UFC lightweight star Paddy Pimblett is an absurd amount above his fight weight at the moment, and that fact is nothing out of the norm for one of the fastest-rising fighters in the sport.
“The Baddy” has taken the MMA world by storm over the last couple of years as his brash and bold personality has been put under the UFC spotlight. And love him or hate him, Pimblett has delivered in a major way as a member of the UFC roster. The Englishman has competed three times inside the fabled Octagon, has victories in each fight, and earned early finishes every time. With the last two coming by submission.

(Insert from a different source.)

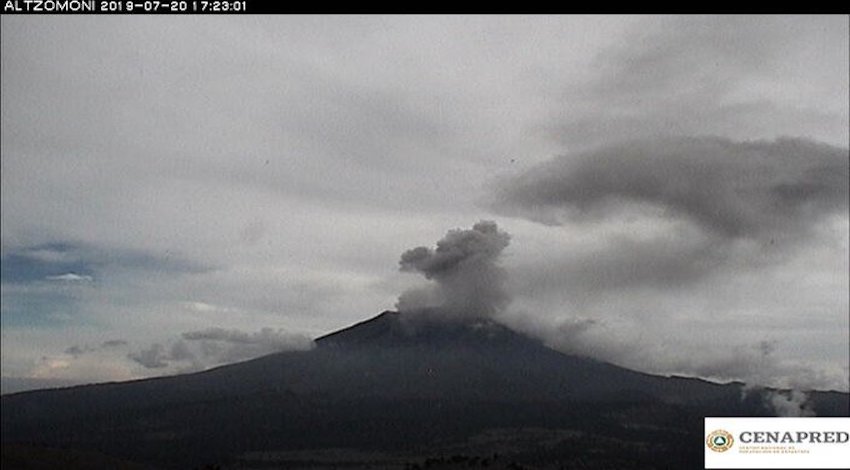 Volcán Popocatépetl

The fight game is a results-based business and Pimblett has delivered the goods. As a competitor currently on a five-fight win streak, it is understandable for the 27-year-old to indulge in the fruits of his labor. However, Pimblett has quickly built a reputation as an athlete who indulges a bit too much and often blows up in weight between fights.
During a Wednesday appearance on the Steve O’s Wild Ride podcast (yes, the cast member of MTV series Jackass), Pimblett took to the scales for the cameras and weighed in at a stunning 206 pounds. “The Baddy” normally competes at 156 pounds — which includes a non-title bout grace pound. This means the super prospect weighs 50-pounds more than the weight he would be when he hits the scales the morning before a fight. Just like he just did only a month ago for his UFC London submission win over Jordan Leavitt.
Why Paddy Pimblett’s weight gain is not good for him or the UFC
Fighters putting on a bunch of weight is not a shocking development in the cage fighting game. For example, former UFC light heavyweight champion Quinton “Rampage” Jackson often gained a great deal of weight in between bouts. He was also a great fighter who never reached his potential because of the lack of focus he had outside the cage. Paddy Pimblett is heading in a similar direction.
Weight-cutting is a major part of MMA and is often a key facet of fight camp. For some fighters, dropping pounds for their designated weight class is just a matter of cutting water weight, and the majority of that is done the week before the bout. However, for the athletes who put on too much weight from overindulging in delicious delights, the portion of fight camp dedicated to dropping those pounds ends up being more time-consuming than it should be.
Fighters grow and become better competitors when they put more minutes into sharpening their technical skills in the gym. However, if excess time is used to cut excess pounds then that is valuable hours lost and often means a fighter’s skills become a bit more stagnant. Which only helps opponents. Pimblett is hurting his chances of becoming an even bigger star in the sport by gaining so much weight after fights and not actually getting as much time as he needs to develop his skills.
- Paddy Pimblett record: 19-3 (6 knockouts, 9 submissions)
“The Baddy” could be setting himself up for a shocking defeat in the near future, just like Jackson had in his career by gaining excess lbs while out of fight camp.